What were some of the other highlights of this series for you?
David’s (Robert Bathurst) storyline in this series broke my heart. When he finds himself homless. It’s so relevant now. There is a huge crisis. A serious problem. Respectable people are finding themselves on the streets. It’s even more prevalent now than when we shot it. It’s so topical. Pete is really shocked when he finds out.
I also love some of the other scenes where the unexpected happens. One thing I don’t want Cold Feet ever to lose is those elements of breaking traditional drama conventions. That’s always got to be there for it to be Cold Feet. I’ve always loved that. Especially when it’s scenes I’m not in. The thing I love about watching the series back is not watching me but watching the things I’m not in. To see how it all gels together.
David talks about not losing sight of what is important. Is it easy to do that today?
There are so many distractions today. That’s why mindfulness and meditation has become a bit of a movement now. Just for people to go, ‘Stop, put your phone down and just have a minute.’ It’s the pace of life today as well. Everything is quick. Cars are faster. Broadband is quicker. The attention spans of kids - flick this, flick that. Nobody sits still.
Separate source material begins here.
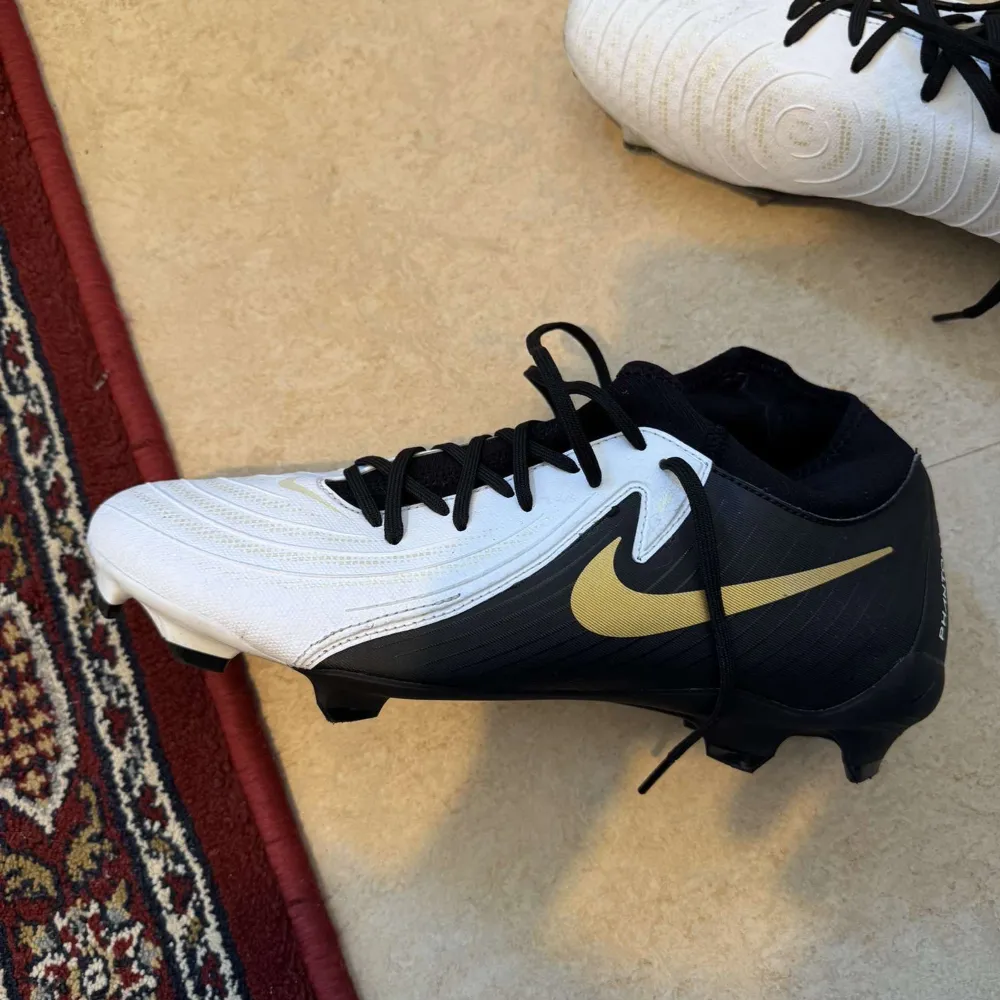 Säljer ett par Nike Phantom fotbollsskor i svart och vitt med gulddetaljer. Skorna har snörning och är i mycket bra skick. Perfekta för fotbollsspelare som vill ha stil och funktion på planen.. Skor.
Pete goes to a golf driving range with Adam (James Nesbitt). How’s your swing?
I don’t play golf. While Jimmy plays proper golf. But I can swing. I’ve stayed at hotels in the past that have done golf and I’ve had a lesson. So I’ve had my swing measured on a computer and I do know what to do.
I’ve also had years of training on crazy golf courses for putting. And they say, ‘You swing for show but putt for dough.’ So I have played a little bit but I’ve not really grasped it. Maybe in later life. But I did find my putting was pretty good thanks to crazy golf. And there weren’t any obstacles either.
Your character likes to be in charge at a barbecue. Is it the same for you?
I always have control at a barbecue. No-one ever tries to usurp me. They know it’s in good hands. As a non-drinker I’m quite happy to have that purpose as chief griller. So at a barbecue it’s a joy to be in control of the meat. Where back in the day I would have quite happily been barman. I love cooking and food anyway.